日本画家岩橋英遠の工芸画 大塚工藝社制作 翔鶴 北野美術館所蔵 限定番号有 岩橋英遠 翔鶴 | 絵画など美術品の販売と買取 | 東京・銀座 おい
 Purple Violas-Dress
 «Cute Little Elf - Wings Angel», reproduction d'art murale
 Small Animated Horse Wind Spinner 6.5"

::::::

**WHAT THE TASK REQUIRES:**
Reproduce the listing above exactly, in its entirety.

**ANSWER BOX:**
日本画家岩橋英遠の工芸画 大塚工藝社制作 翔鶴 北野美術館所蔵 限定番号有 岩橋英遠 翔鶴 | 絵画など美術品の販売と買取 | 東京・銀座 おい
 Purple Violas-Dress
 «Cute Little Elf - Wings Angel», reproduction d'art murale
 Small Animated Horse Wind Spinner 6.5"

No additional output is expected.